The Burn Rate Spiral
This premature scaling creates a vicious cycle through increased burn rate. As Shomik notes, “The larger your burn, the more you need to generate revenue to make sure that you can satisfy that burn right, and build a profitable business. And so, frankly, the larger your team is, the more you have to grow.”
Market Pressure vs. Market Reality
In today’s market environment, founders face intense pressure to show revenue growth. However, Shomik suggests that current conditions actually favor a more measured approach: “Right now it’s like, frankly, one of the best times to be a Founder.” The reason? Companies are forced to stay lean longer, allowing for deeper customer relationships and more thoughtful product development.
The Real Signals to Watch
Instead of focusing purely on sales metrics, Boldstart looks for specific indicators of genuine market pull. Shomik describes the key signal: “Your early customers are all saying, hey, here’s a product that we love your product. Here’s three other product ideas. If you build these, we will pay you more money.”

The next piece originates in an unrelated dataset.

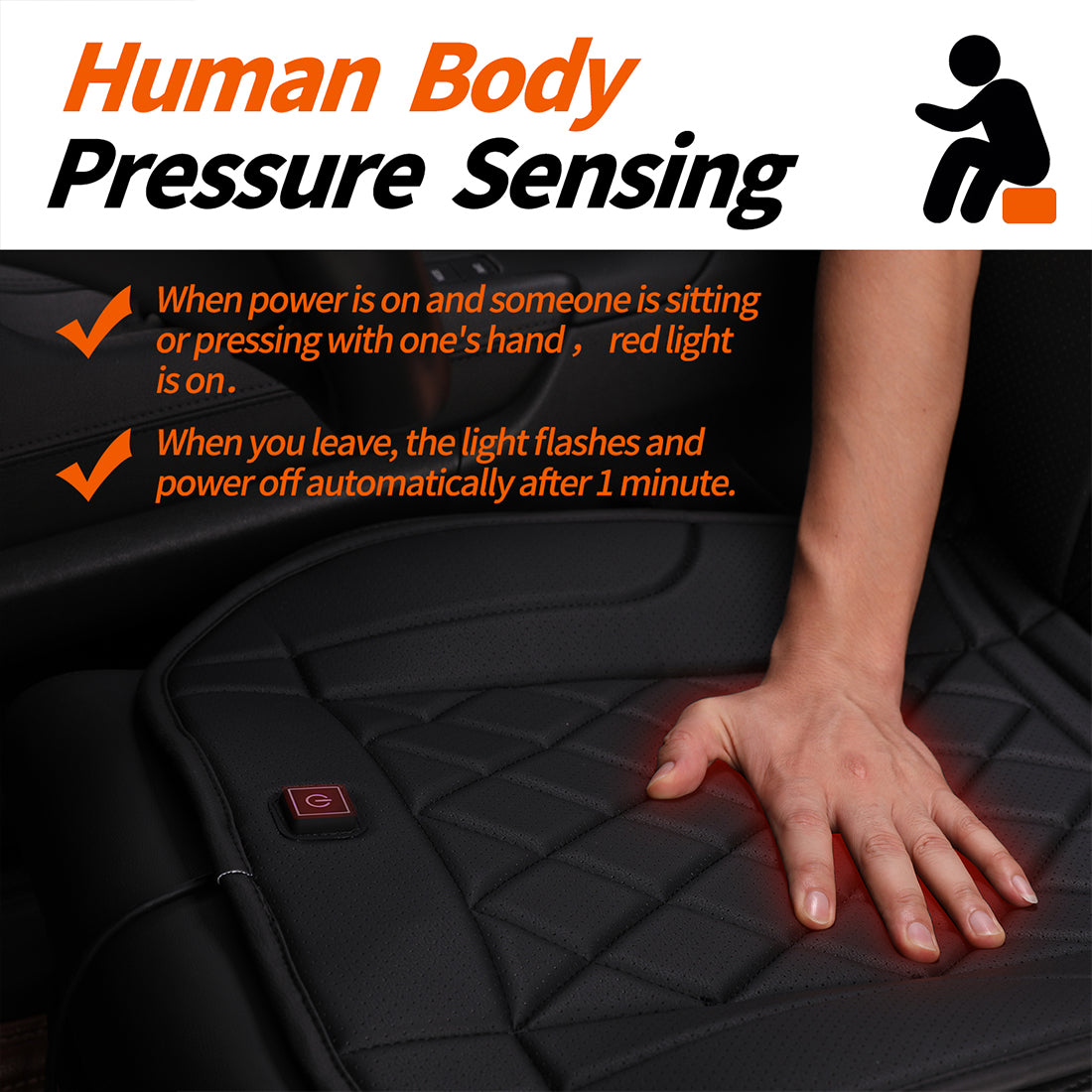 KINGLETING Heated Seat Cushion with Pressure Sensitive Switch, Heat Seat Cover for Home, Office Chair and More(Back and Seat)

Building for Long-Term Success
Shomik advocates for a methodical approach to growth: “Do not prematurely scale. It is something where you need to focus on again, the first user, the first ten users, the first 50 users, build it out very slowly and thoughtfully and then start to say, okay, now can I layer on someone to help me with sales?”
The Hidden Benefits of Staying Small
There’s an often-overlooked advantage to this measured approach. As Shomik explains, “The most fun of a job, right, is when you’re in the early days with your tight team working together and just discovering new things and working with your early customers hand in hand to figure out what to build.”
A Framework for Sustainable Growth
Based on Boldstart’s experience with numerous enterprise software companies, here’s how to navigate early success:
- Validate depth of customer engagement before scaling
- Look for organic product expansion requests
- Build sales capacity in response to demand, not anticipation of it
- Maintain direct founder involvement with early customers
- Keep burn rate low even when growth looks promising
As Shomik concludes, “That’s the sort of lockstep growth that you want to do and not get ahead of it. Because if you get ahead of it, your burn gets too big, the expectations for how quickly you’re going to grow also get bigger because you need to satisfy that burn and then you get into this cycle.”
The key lesson for enterprise software founders is clear: early traction is a signal to dig deeper, not to accelerate. Success comes from building a sustainable foundation that can support long-term growth, not from rushing to scale at the first sign of market interest.